DATA SEGMENT Start Marker

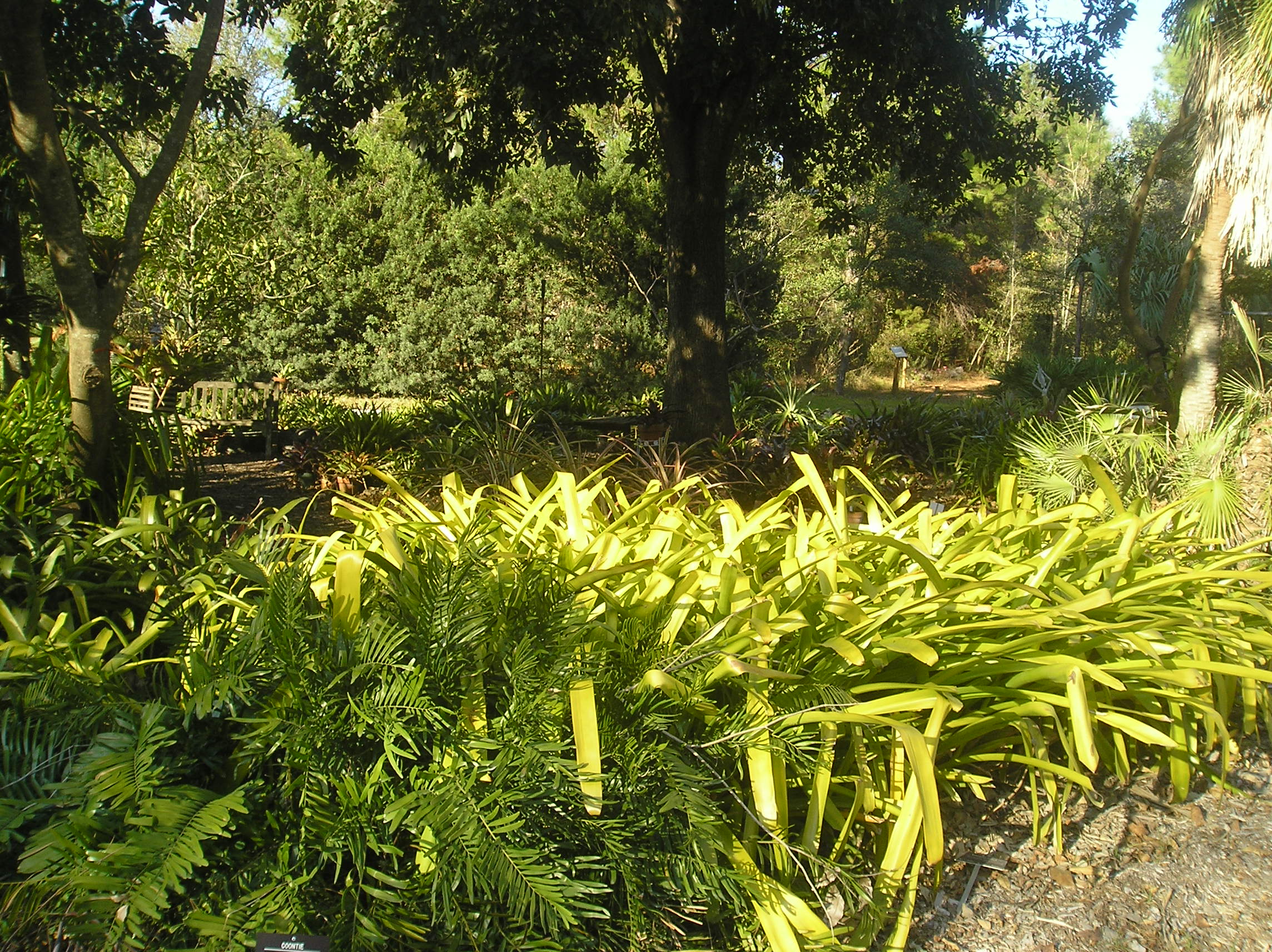 File Usf Botanical Garden5 Jpg Wikimedia Commons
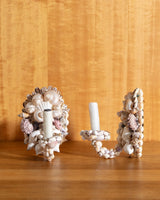 Seashells Sconces, Pair - Lone Fox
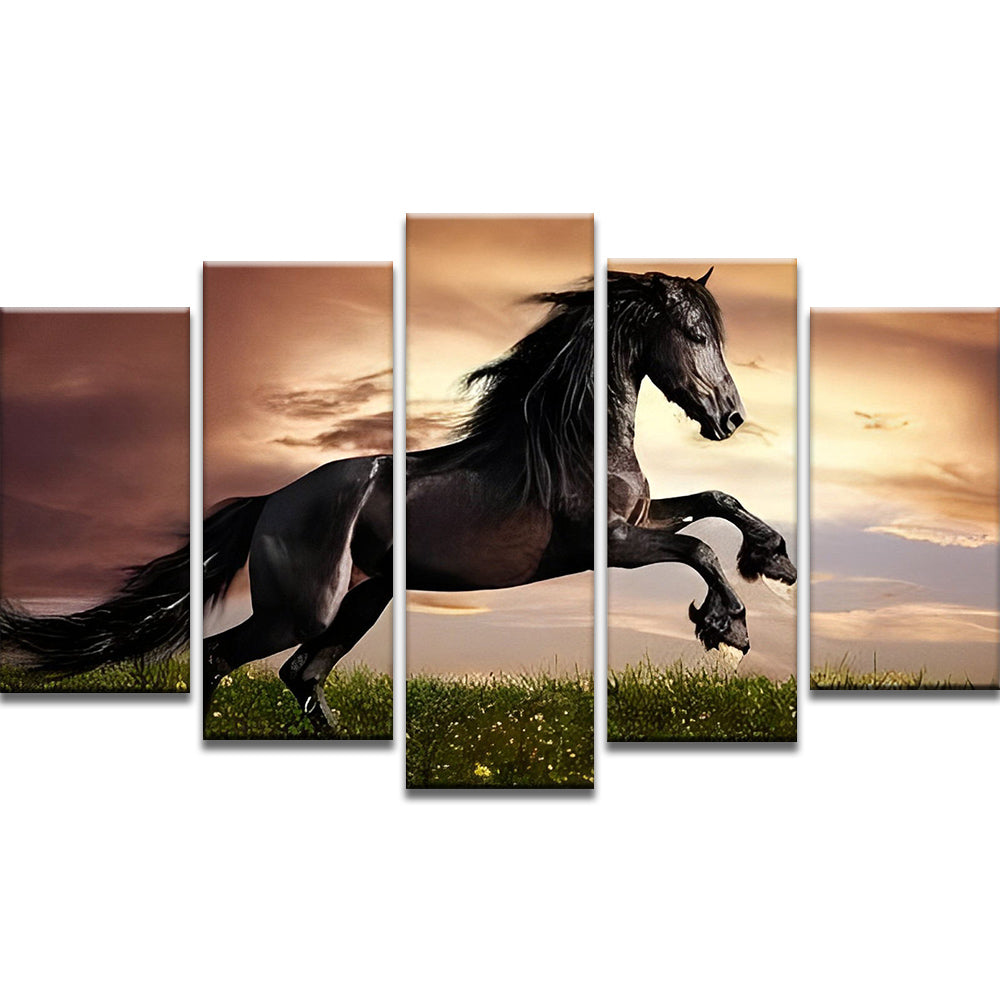 Caballo Negro Corriendo sobre Césped Verde 5 Partes Pintar por Números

DATA SEGMENT End Marker

> **WORK INSTRUCTIONS**: Strip out the pictures and reproduce the remaining material above exactly.

> **OUTPUT**:
 File Usf Botanical Garden5 Jpg Wikimedia Commons
 Seashells Sconces, Pair - Lone Fox
 Caballo Negro Corriendo sobre Césped Verde 5 Partes Pintar por Números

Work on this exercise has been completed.